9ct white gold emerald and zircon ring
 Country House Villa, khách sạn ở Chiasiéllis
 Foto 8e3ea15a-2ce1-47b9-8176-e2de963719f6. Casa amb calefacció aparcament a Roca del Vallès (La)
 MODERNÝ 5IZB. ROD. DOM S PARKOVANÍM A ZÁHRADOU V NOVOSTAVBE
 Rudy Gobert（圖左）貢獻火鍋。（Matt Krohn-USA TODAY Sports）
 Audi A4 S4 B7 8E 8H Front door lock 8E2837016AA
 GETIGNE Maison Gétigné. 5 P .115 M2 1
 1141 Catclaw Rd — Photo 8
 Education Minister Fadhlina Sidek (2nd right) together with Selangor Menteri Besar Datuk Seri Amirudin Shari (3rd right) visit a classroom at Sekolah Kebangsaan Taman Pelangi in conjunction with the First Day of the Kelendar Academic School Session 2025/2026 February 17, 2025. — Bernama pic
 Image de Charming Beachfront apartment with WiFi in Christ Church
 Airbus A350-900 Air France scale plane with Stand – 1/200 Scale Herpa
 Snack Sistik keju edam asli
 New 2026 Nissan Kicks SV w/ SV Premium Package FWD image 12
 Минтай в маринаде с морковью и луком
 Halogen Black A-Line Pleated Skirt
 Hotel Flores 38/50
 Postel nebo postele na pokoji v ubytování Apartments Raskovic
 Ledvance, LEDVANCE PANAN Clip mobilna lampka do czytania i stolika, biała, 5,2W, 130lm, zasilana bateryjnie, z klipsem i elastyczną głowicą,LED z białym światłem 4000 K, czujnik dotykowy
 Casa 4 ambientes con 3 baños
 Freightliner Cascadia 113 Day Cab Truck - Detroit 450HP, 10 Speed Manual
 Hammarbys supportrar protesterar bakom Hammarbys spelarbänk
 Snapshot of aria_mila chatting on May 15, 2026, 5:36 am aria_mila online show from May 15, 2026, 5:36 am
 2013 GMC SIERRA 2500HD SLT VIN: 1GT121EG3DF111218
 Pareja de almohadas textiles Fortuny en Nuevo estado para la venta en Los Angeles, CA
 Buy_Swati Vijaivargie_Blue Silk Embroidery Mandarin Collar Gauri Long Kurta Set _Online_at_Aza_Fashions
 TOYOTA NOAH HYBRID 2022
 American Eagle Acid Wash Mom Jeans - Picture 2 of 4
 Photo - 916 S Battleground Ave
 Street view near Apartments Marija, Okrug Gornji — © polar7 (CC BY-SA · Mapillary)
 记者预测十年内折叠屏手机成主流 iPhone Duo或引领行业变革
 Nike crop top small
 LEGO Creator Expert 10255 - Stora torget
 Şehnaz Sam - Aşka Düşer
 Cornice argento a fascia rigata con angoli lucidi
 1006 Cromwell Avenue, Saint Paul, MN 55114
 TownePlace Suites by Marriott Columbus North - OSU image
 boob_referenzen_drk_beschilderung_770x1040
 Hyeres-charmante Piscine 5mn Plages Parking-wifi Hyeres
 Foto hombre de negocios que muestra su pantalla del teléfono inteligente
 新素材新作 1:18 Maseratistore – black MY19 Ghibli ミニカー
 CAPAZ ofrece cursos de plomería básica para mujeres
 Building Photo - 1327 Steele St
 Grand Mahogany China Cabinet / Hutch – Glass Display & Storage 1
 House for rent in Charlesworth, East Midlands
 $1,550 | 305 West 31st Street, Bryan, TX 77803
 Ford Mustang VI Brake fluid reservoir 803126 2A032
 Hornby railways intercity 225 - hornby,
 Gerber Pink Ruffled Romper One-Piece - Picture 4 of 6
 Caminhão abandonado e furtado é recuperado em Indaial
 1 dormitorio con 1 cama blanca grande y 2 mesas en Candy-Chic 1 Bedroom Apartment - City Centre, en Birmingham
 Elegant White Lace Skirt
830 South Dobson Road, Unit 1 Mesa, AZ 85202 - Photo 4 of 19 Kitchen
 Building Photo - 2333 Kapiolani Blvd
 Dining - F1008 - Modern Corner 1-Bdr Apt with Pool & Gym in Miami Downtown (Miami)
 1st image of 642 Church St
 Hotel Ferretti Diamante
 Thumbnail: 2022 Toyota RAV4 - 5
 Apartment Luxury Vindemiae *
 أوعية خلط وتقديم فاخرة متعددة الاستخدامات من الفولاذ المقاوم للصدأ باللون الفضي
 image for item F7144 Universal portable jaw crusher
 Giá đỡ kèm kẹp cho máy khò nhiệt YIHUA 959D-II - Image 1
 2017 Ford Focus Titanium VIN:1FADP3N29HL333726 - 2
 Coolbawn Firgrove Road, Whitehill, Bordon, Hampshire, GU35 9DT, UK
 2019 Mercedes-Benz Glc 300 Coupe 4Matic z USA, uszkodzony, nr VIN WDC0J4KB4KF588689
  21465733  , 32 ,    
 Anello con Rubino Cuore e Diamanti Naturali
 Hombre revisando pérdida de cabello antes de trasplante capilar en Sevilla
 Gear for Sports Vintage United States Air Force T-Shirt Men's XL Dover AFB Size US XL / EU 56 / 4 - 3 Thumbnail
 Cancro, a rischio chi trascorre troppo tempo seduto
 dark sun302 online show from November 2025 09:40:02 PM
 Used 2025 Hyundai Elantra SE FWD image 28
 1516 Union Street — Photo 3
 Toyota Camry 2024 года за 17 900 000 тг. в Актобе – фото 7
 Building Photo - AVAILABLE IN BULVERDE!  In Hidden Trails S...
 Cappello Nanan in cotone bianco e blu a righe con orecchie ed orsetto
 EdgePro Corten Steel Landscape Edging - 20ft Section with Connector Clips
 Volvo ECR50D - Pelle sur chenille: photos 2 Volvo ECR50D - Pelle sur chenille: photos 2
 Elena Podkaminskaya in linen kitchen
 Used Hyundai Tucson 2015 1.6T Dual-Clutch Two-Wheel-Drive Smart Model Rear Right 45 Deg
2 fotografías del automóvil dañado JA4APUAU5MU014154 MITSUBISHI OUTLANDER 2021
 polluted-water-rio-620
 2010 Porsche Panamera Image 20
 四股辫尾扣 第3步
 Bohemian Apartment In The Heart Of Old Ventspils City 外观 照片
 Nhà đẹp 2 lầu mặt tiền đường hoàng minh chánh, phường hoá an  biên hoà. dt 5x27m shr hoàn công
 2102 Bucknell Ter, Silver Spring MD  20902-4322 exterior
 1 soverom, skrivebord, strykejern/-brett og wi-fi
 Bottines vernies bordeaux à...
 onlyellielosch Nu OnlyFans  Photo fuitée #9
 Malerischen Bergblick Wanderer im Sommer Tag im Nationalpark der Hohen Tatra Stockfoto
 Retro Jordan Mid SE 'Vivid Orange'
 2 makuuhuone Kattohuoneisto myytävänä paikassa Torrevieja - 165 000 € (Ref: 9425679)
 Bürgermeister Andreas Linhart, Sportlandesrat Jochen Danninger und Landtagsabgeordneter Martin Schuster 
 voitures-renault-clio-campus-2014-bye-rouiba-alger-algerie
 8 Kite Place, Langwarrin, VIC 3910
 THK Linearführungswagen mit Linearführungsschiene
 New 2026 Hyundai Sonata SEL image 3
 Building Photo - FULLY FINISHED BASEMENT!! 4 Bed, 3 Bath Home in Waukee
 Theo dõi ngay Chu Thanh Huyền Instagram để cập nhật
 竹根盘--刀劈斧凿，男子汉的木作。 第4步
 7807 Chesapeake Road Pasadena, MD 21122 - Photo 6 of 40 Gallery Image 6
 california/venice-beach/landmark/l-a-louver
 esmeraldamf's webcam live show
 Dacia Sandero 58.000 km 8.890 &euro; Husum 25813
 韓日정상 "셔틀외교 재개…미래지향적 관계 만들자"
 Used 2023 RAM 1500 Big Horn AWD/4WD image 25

○ ○ ○ ○ ○ ○ ○

= THE TASK =
Print the complete listing again, exactly as it stands.

= RESULT OF THE TASK =
9ct white gold emerald and zircon ring
 Country House Villa, khách sạn ở Chiasiéllis
 Foto 8e3ea15a-2ce1-47b9-8176-e2de963719f6. Casa amb calefacció aparcament a Roca del Vallès (La)
 MODERNÝ 5IZB. ROD. DOM S PARKOVANÍM A ZÁHRADOU V NOVOSTAVBE
 Rudy Gobert（圖左）貢獻火鍋。（Matt Krohn-USA TODAY Sports）
 Audi A4 S4 B7 8E 8H Front door lock 8E2837016AA
 GETIGNE Maison Gétigné. 5 P .115 M2 1
 1141 Catclaw Rd — Photo 8
 Education Minister Fadhlina Sidek (2nd right) together with Selangor Menteri Besar Datuk Seri Amirudin Shari (3rd right) visit a classroom at Sekolah Kebangsaan Taman Pelangi in conjunction with the First Day of the Kelendar Academic School Session 2025/2026 February 17, 2025. — Bernama pic
 Image de Charming Beachfront apartment with WiFi in Christ Church
 Airbus A350-900 Air France scale plane with Stand – 1/200 Scale Herpa
 Snack Sistik keju edam asli
 New 2026 Nissan Kicks SV w/ SV Premium Package FWD image 12
 Минтай в маринаде с морковью и луком
 Halogen Black A-Line Pleated Skirt
 Hotel Flores 38/50
 Postel nebo postele na pokoji v ubytování Apartments Raskovic
 Ledvance, LEDVANCE PANAN Clip mobilna lampka do czytania i stolika, biała, 5,2W, 130lm, zasilana bateryjnie, z klipsem i elastyczną głowicą,LED z białym światłem 4000 K, czujnik dotykowy
 Casa 4 ambientes con 3 baños
 Freightliner Cascadia 113 Day Cab Truck - Detroit 450HP, 10 Speed Manual
 Hammarbys supportrar protesterar bakom Hammarbys spelarbänk
 Snapshot of aria_mila chatting on May 15, 2026, 5:36 am aria_mila online show from May 15, 2026, 5:36 am
 2013 GMC SIERRA 2500HD SLT VIN: 1GT121EG3DF111218
 Pareja de almohadas textiles Fortuny en Nuevo estado para la venta en Los Angeles, CA
 Buy_Swati Vijaivargie_Blue Silk Embroidery Mandarin Collar Gauri Long Kurta Set _Online_at_Aza_Fashions
 TOYOTA NOAH HYBRID 2022
 American Eagle Acid Wash Mom Jeans - Picture 2 of 4
 Photo - 916 S Battleground Ave
 Street view near Apartments Marija, Okrug Gornji — © polar7 (CC BY-SA · Mapillary)
 记者预测十年内折叠屏手机成主流 iPhone Duo或引领行业变革
 Nike crop top small
 LEGO Creator Expert 10255 - Stora torget
 Şehnaz Sam - Aşka Düşer
 Cornice argento a fascia rigata con angoli lucidi
 1006 Cromwell Avenue, Saint Paul, MN 55114
 TownePlace Suites by Marriott Columbus North - OSU image
 boob_referenzen_drk_beschilderung_770x1040
 Hyeres-charmante Piscine 5mn Plages Parking-wifi Hyeres
 Foto hombre de negocios que muestra su pantalla del teléfono inteligente
 新素材新作 1:18 Maseratistore – black MY19 Ghibli ミニカー
 CAPAZ ofrece cursos de plomería básica para mujeres
 Building Photo - 1327 Steele St
 Grand Mahogany China Cabinet / Hutch – Glass Display & Storage 1
 House for rent in Charlesworth, East Midlands
 $1,550 | 305 West 31st Street, Bryan, TX 77803
 Ford Mustang VI Brake fluid reservoir 803126 2A032
 Hornby railways intercity 225 - hornby,
 Gerber Pink Ruffled Romper One-Piece - Picture 4 of 6
 Caminhão abandonado e furtado é recuperado em Indaial
 1 dormitorio con 1 cama blanca grande y 2 mesas en Candy-Chic 1 Bedroom Apartment - City Centre, en Birmingham
 Elegant White Lace Skirt
830 South Dobson Road, Unit 1 Mesa, AZ 85202 - Photo 4 of 19 Kitchen
 Building Photo - 2333 Kapiolani Blvd
 Dining - F1008 - Modern Corner 1-Bdr Apt with Pool & Gym in Miami Downtown (Miami)
 1st image of 642 Church St
 Hotel Ferretti Diamante
 Thumbnail: 2022 Toyota RAV4 - 5
 Apartment Luxury Vindemiae *
 أوعية خلط وتقديم فاخرة متعددة الاستخدامات من الفولاذ المقاوم للصدأ باللون الفضي
 image for item F7144 Universal portable jaw crusher
 Giá đỡ kèm kẹp cho máy khò nhiệt YIHUA 959D-II - Image 1
 2017 Ford Focus Titanium VIN:1FADP3N29HL333726 - 2
 Coolbawn Firgrove Road, Whitehill, Bordon, Hampshire, GU35 9DT, UK
 2019 Mercedes-Benz Glc 300 Coupe 4Matic z USA, uszkodzony, nr VIN WDC0J4KB4KF588689
  21465733  , 32 ,    
 Anello con Rubino Cuore e Diamanti Naturali
 Hombre revisando pérdida de cabello antes de trasplante capilar en Sevilla
 Gear for Sports Vintage United States Air Force T-Shirt Men's XL Dover AFB Size US XL / EU 56 / 4 - 3 Thumbnail
 Cancro, a rischio chi trascorre troppo tempo seduto
 dark sun302 online show from November 2025 09:40:02 PM
 Used 2025 Hyundai Elantra SE FWD image 28
 1516 Union Street — Photo 3
 Toyota Camry 2024 года за 17 900 000 тг. в Актобе – фото 7
 Building Photo - AVAILABLE IN BULVERDE!  In Hidden Trails S...
 Cappello Nanan in cotone bianco e blu a righe con orecchie ed orsetto
 EdgePro Corten Steel Landscape Edging - 20ft Section with Connector Clips
 Volvo ECR50D - Pelle sur chenille: photos 2 Volvo ECR50D - Pelle sur chenille: photos 2
 Elena Podkaminskaya in linen kitchen
 Used Hyundai Tucson 2015 1.6T Dual-Clutch Two-Wheel-Drive Smart Model Rear Right 45 Deg
2 fotografías del automóvil dañado JA4APUAU5MU014154 MITSUBISHI OUTLANDER 2021
 polluted-water-rio-620
 2010 Porsche Panamera Image 20
 四股辫尾扣 第3步
 Bohemian Apartment In The Heart Of Old Ventspils City 外观 照片
 Nhà đẹp 2 lầu mặt tiền đường hoàng minh chánh, phường hoá an  biên hoà. dt 5x27m shr hoàn công
 2102 Bucknell Ter, Silver Spring MD  20902-4322 exterior
 1 soverom, skrivebord, strykejern/-brett og wi-fi
 Bottines vernies bordeaux à...
 onlyellielosch Nu OnlyFans  Photo fuitée #9
 Malerischen Bergblick Wanderer im Sommer Tag im Nationalpark der Hohen Tatra Stockfoto
 Retro Jordan Mid SE 'Vivid Orange'
 2 makuuhuone Kattohuoneisto myytävänä paikassa Torrevieja - 165 000 € (Ref: 9425679)
 Bürgermeister Andreas Linhart, Sportlandesrat Jochen Danninger und Landtagsabgeordneter Martin Schuster 
 voitures-renault-clio-campus-2014-bye-rouiba-alger-algerie
 8 Kite Place, Langwarrin, VIC 3910
 THK Linearführungswagen mit Linearführungsschiene
 New 2026 Hyundai Sonata SEL image 3
 Building Photo - FULLY FINISHED BASEMENT!! 4 Bed, 3 Bath Home in Waukee
 Theo dõi ngay Chu Thanh Huyền Instagram để cập nhật
 竹根盘--刀劈斧凿，男子汉的木作。 第4步
 7807 Chesapeake Road Pasadena, MD 21122 - Photo 6 of 40 Gallery Image 6
 california/venice-beach/landmark/l-a-louver
 esmeraldamf's webcam live show
 Dacia Sandero 58.000 km 8.890 &euro; Husum 25813
 韓日정상 "셔틀외교 재개…미래지향적 관계 만들자"
 Used 2023 RAM 1500 Big Horn AWD/4WD image 25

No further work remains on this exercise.